Today, the University of Colorado released an analysis of “state-by-state factors leading to the Electoral College selection of every U.S. president since 1980” and found that these factors add up to a Romney victory in 2012 with an Obama loss in Colorado.
When just the two major parties are considered, their analysis predicts that Romney will receive 51.9% of the vote compared to Obama’s predicted 48.1% nationally.
According to the two political science professors Kenneth Bickers and Michael Berry, the “key is the economy”. The two explained their “prediction model”:
“[The] prediction model stresses economic data from the 50 states and the District of Columbia, including both state and national unemployment figures as well as changes in real per capita income, among other factors.”
This model, developed by Bickers and Berry, is the only one of its type to include more than one state-level measure of economic conditions.

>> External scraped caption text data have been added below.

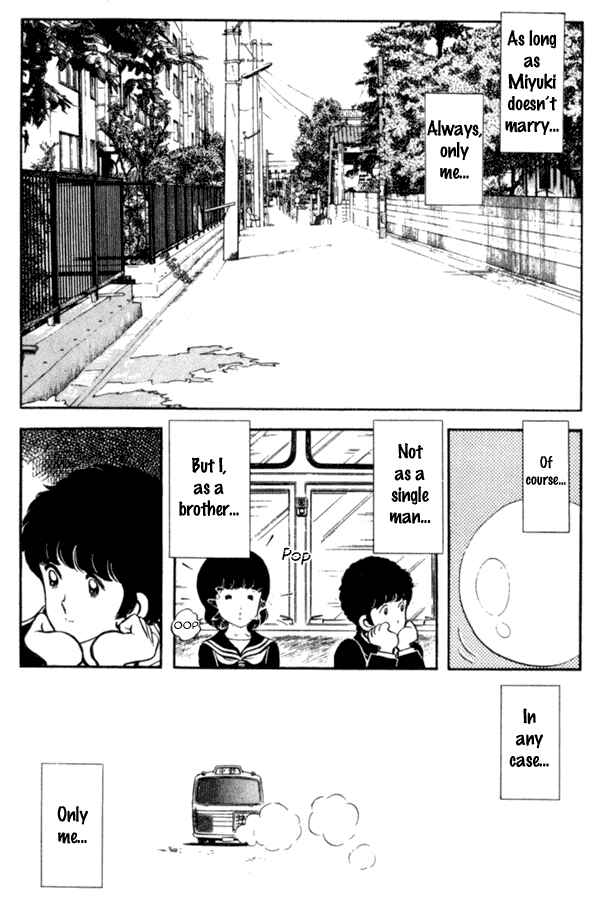 Page 28 Chapter 16 Miyuki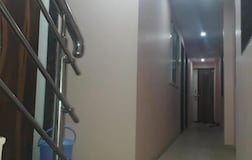 Couple Room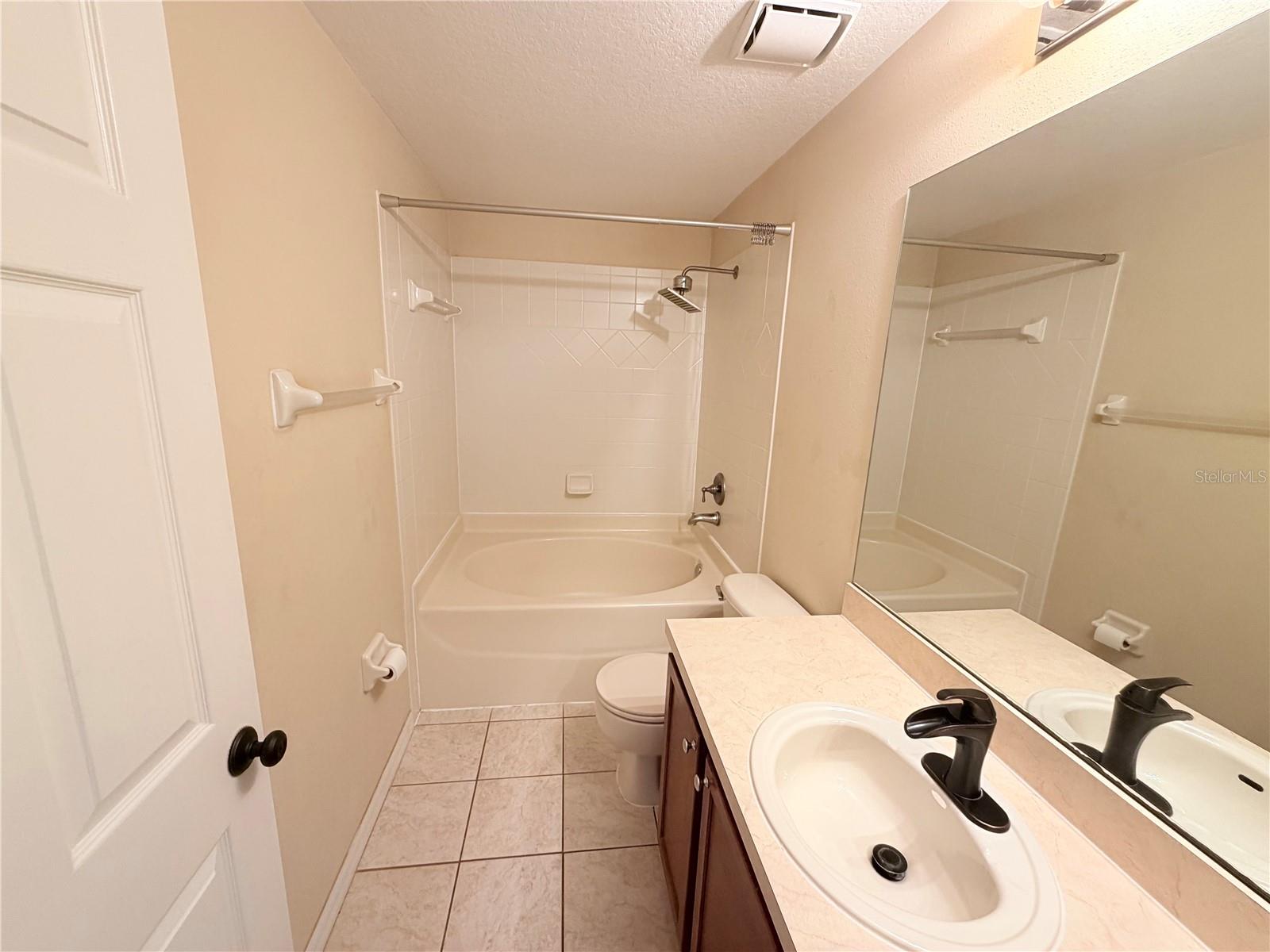 110 COQUINA BAY DR — photo 7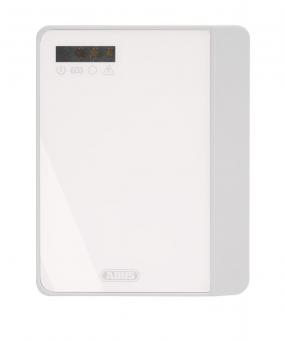 ABUS PSTN/IP Konverter         AZWG10200 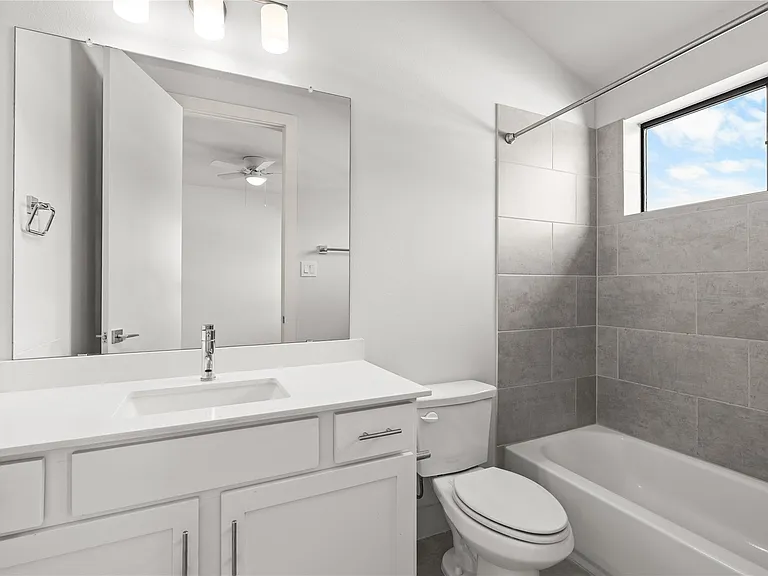 9609 Marlive Ln #B — Photo 28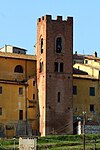 Der Campanile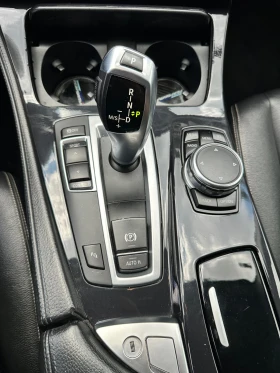 BMW 525 | Mobile.bg    8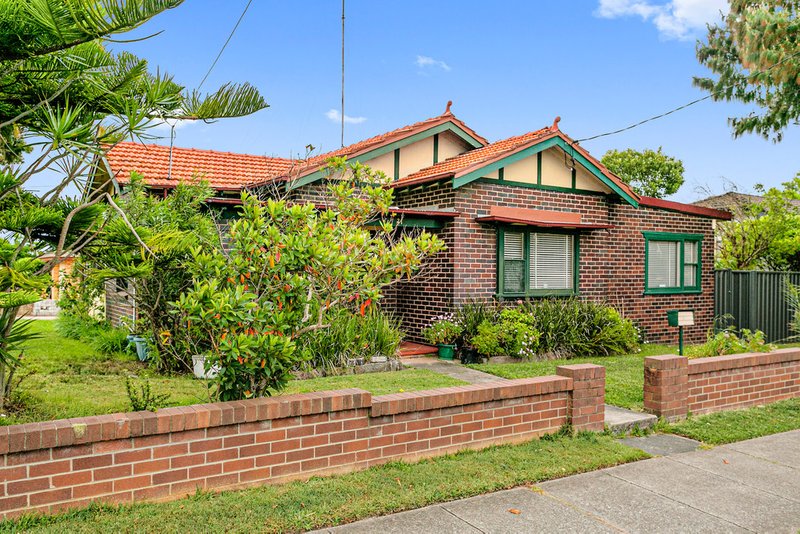 21 Waitara Parade, Hurstville Grove NSW 2220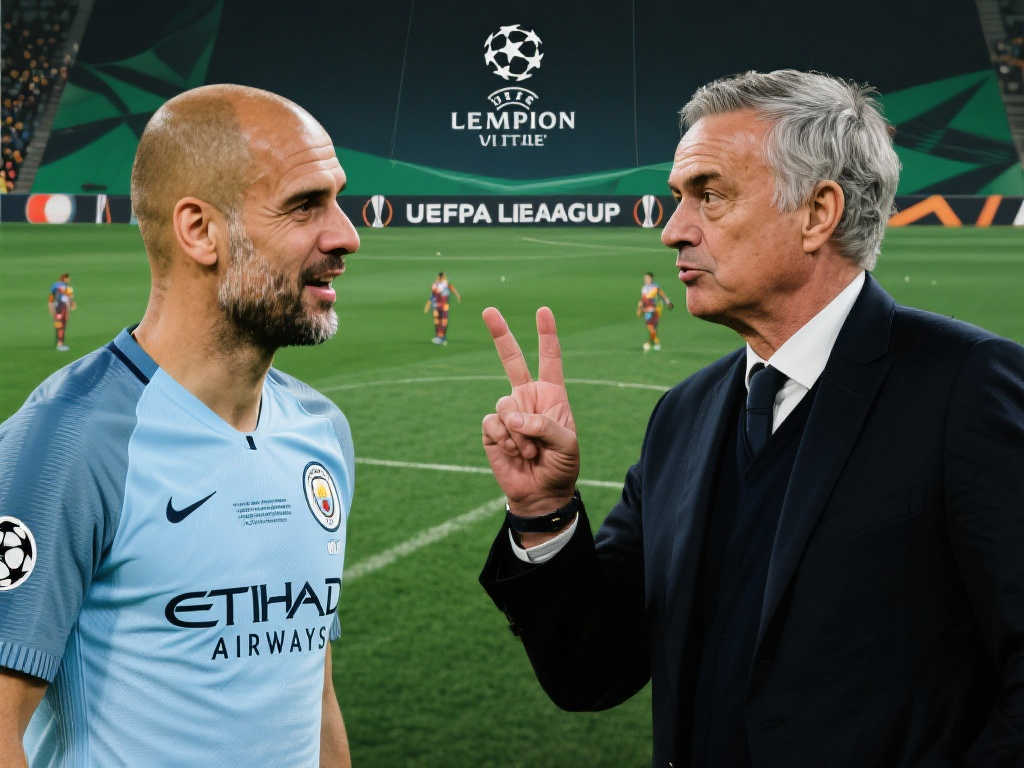 更趋理性 更趋理性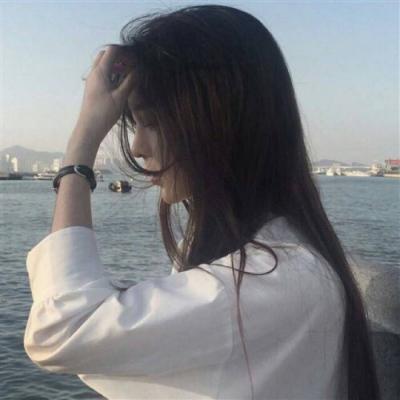365wm完美体育官网
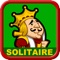 Just Solitaire: Klondike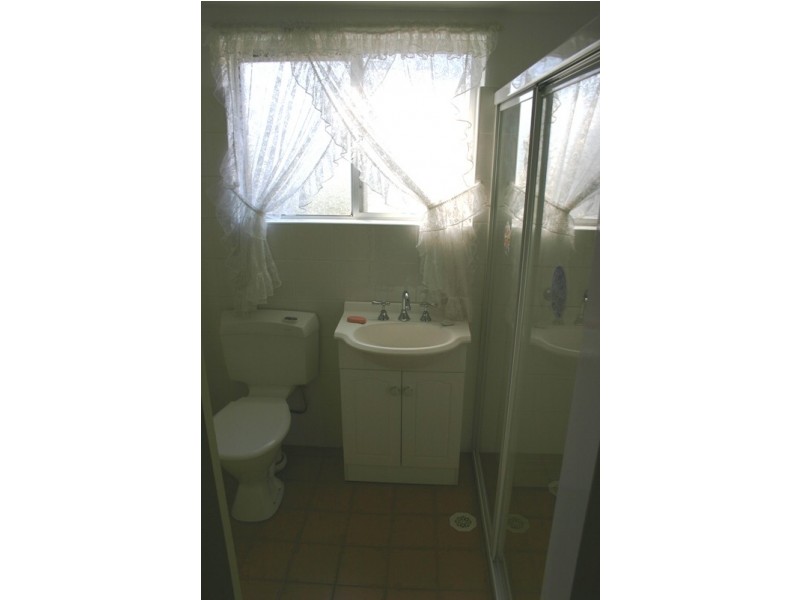 Bradbury NSW 2560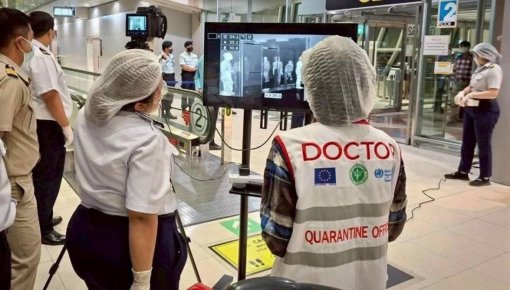 ������� �� ��������: � ����� ������� ���������� �������� �����������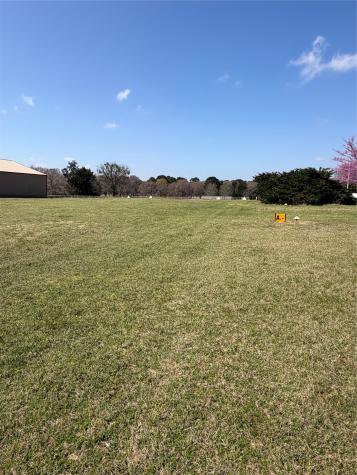 11640 Tailspin Trail Berryville TX 75763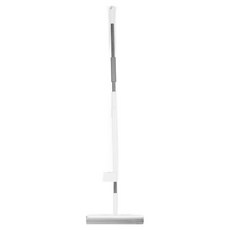 簡約膠棉拖把, 1個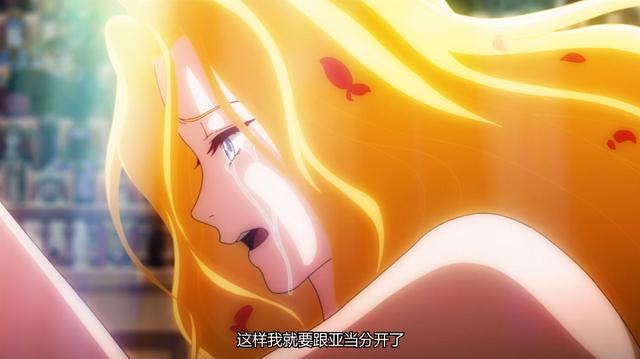 终末的摇篮安卓下载:完整版资源获取攻略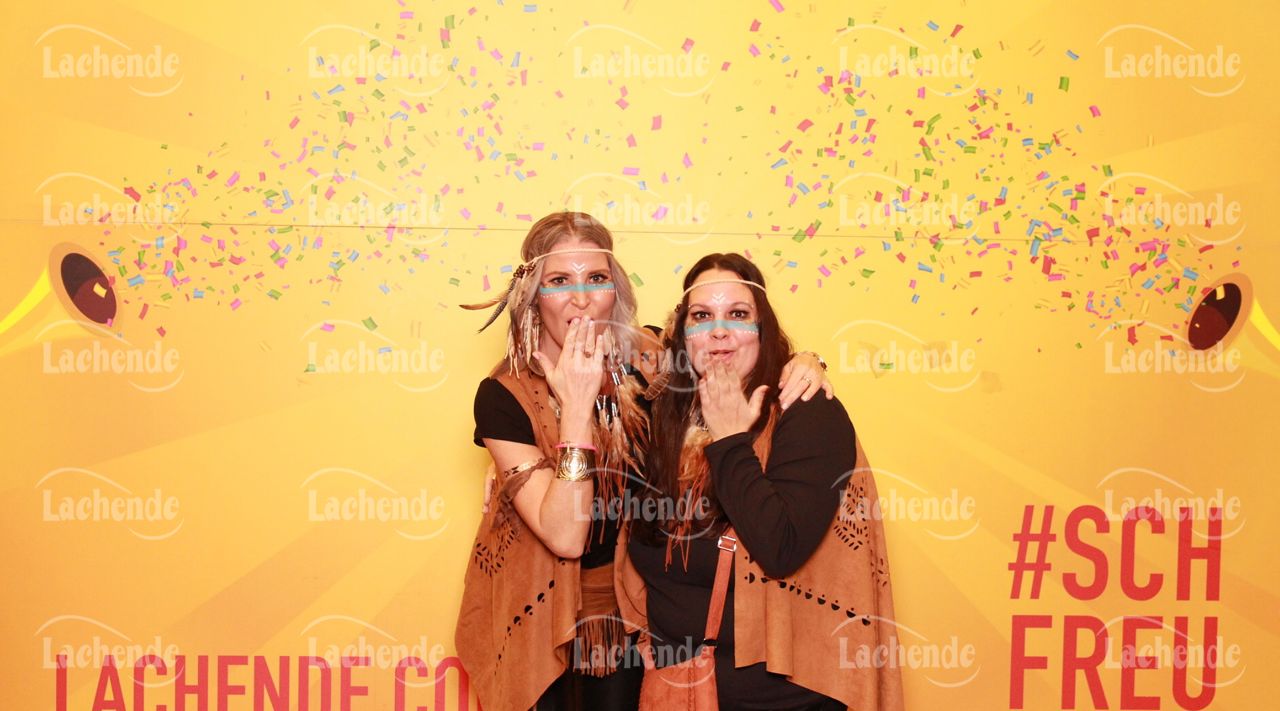 Lachende Kölnarena 03.02.2023 0364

The research also shows that voters hold Democrats more responsible for unemployment, while Republicans are held more responsible for per capita income. And, we say, carry on voters! Check out the charts below.
When Obama took office in January 2009, unemployment in Colorado was just 6.6%. As of the last Bureau of Labor Statistics report, the July 2012 unemployment is at 8.3%. Ouch.
Contrast that with per capita income, which is a yearly compilation. It’s risen 9.3% in the same time period. In 2009, the average Colorado per capita income was $41,388 and in 2011, the average Colorado per capita income was $44,088, according to the U.S. Department of Commerce.
Bickers noted that the “president is in electoral trouble” and the two predict that President Obama will win just 218 electoral votes, which is shy of the 270 required to win. Further, they also predict that Romney will win 52.9% of the popular vote compared to Obama’s 47.1% of the vote in Colorado; however, this analysis only considers the two major political parties.
Berry also weighed in on the analysis:
“For the last eight presidential elections, this model has correctly predicted the winner. …What remains to be seen is whether voters will consider the economy in relative or absolute terms. If it’s the former, the president may receive credit for the economy’s trajectory and win a second term. In the latter case, Romney should pick up a number of states Obama won in 2008.”
Those states, considered swing states, include North Carolina, Virginia, New Hampshire, Wisconsin, Minnesota, Pennsylvania, Ohio, and Florida.
Given the steep rise in unemployment just in Colorado, we could hardly blame voters for wanting a change.